Material for the task:
▼▼▼
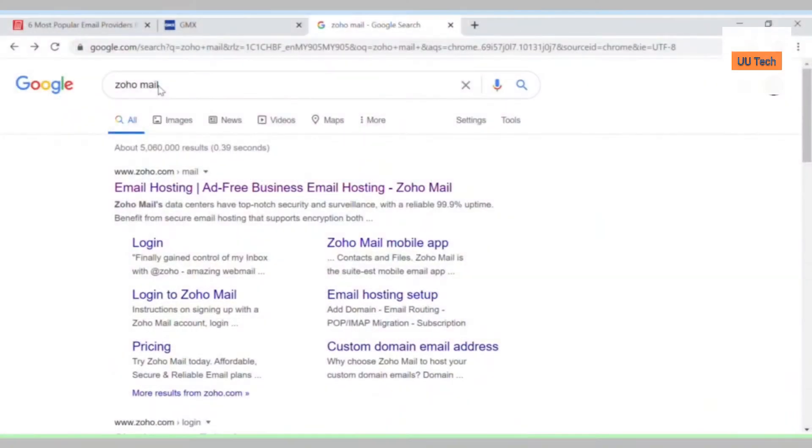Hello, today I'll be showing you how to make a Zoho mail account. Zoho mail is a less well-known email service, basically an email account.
▲▲▲
▼▼▼
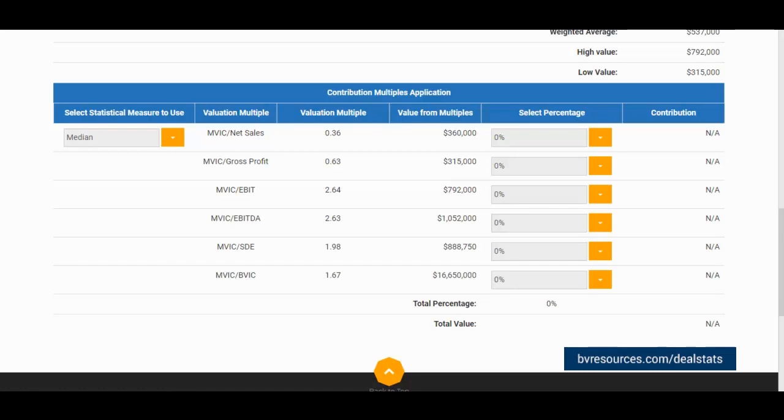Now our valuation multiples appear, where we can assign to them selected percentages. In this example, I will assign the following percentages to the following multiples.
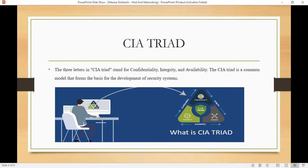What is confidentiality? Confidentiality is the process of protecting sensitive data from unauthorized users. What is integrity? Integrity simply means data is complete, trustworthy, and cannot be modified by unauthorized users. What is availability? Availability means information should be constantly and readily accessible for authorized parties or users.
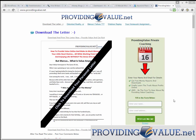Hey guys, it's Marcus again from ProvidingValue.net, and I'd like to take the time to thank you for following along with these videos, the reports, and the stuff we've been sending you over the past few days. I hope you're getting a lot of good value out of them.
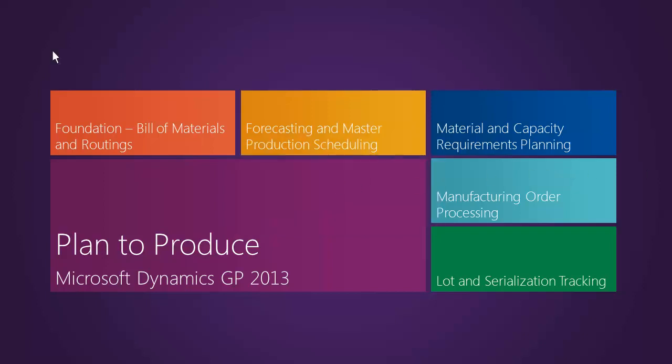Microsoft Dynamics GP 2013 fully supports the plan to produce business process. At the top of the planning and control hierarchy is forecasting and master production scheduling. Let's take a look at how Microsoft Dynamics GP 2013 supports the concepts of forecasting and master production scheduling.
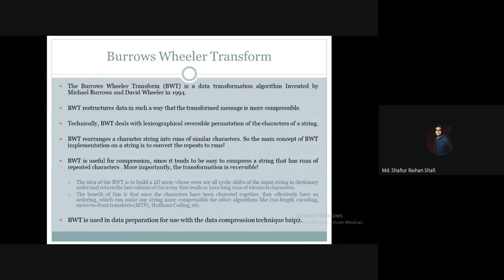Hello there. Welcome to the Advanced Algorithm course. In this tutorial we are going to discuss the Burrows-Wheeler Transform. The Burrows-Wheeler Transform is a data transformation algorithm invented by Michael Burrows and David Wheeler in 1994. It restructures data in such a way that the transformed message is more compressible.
▲▲▲
About this exercise: Start at the line above containing "Now our valuation" and stop at the line containing "Hey guys, it's": print those lines and everything between them exactly, but not the pictures.

Solution to the exercise:
Now our valuation multiples appear, where we can assign to them selected percentages. In this example, I will assign the following percentages to the following multiples.
What is confidentiality? Confidentiality is the process of protecting sensitive data from unauthorized users. What is integrity? Integrity simply means data is complete, trustworthy, and cannot be modified by unauthorized users. What is availability? Availability means information should be constantly and readily accessible for authorized parties or users.
Hey guys, it's Marcus again from ProvidingValue.net, and I'd like to take the time to thank you for following along with these videos, the reports, and the stuff we've been sending you over the past few days. I hope you're getting a lot of good value out of them.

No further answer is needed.